• **YOUR ASSIGNMENT**
Transcribe only the part of the material below that begins at the line containing "Calm dog lying on the grass Stock Photos" and ends at the line containing "The Beauty of Japanese Maple Trees", with both kept and images left out.

• **AVAILABLE DATA**

--- START ---

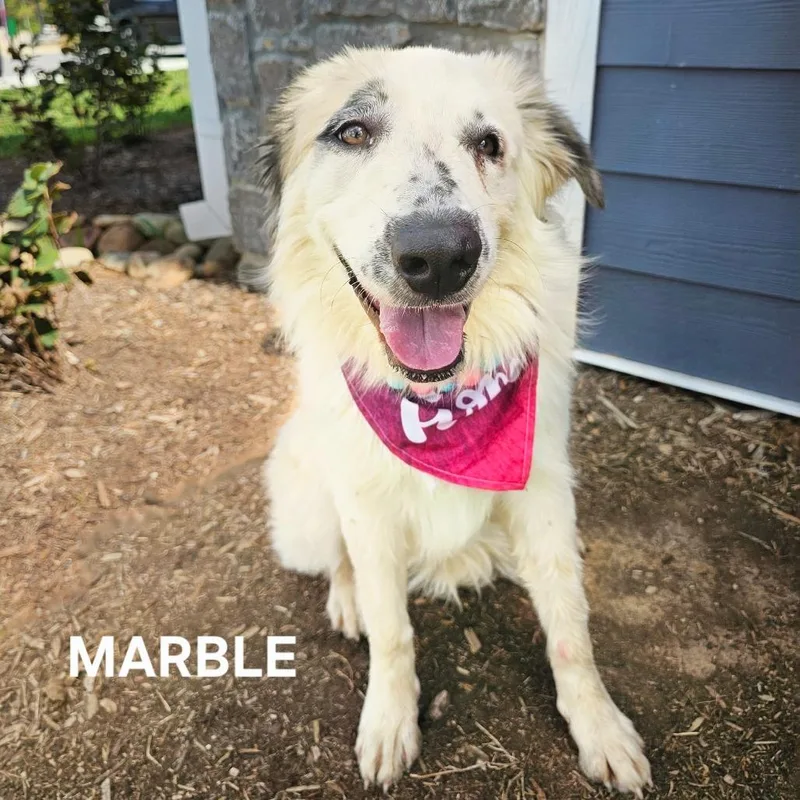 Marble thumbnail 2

--- END ---
--- START ---

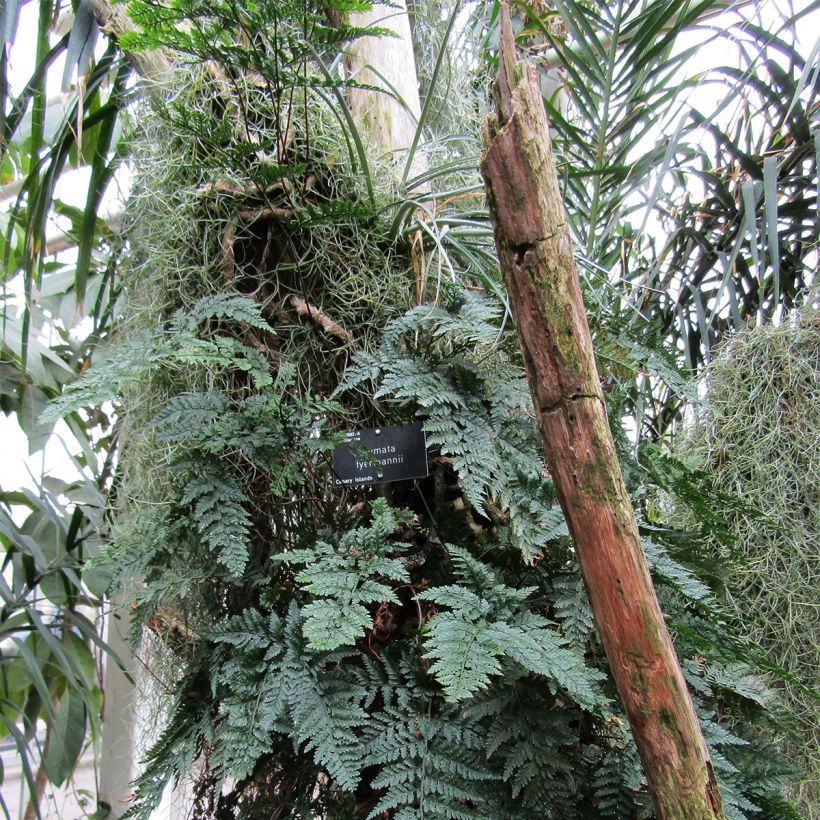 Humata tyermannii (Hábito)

--- END ---
--- START ---

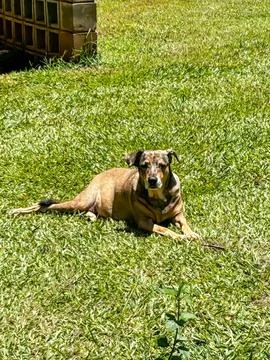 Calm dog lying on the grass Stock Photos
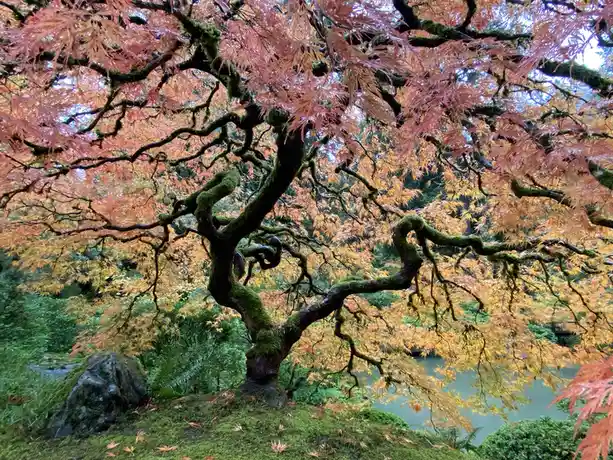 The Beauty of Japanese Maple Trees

--- END ---

• **ANSWER FOR THIS EXERCISE**
 Calm dog lying on the grass Stock Photos
 The Beauty of Japanese Maple Trees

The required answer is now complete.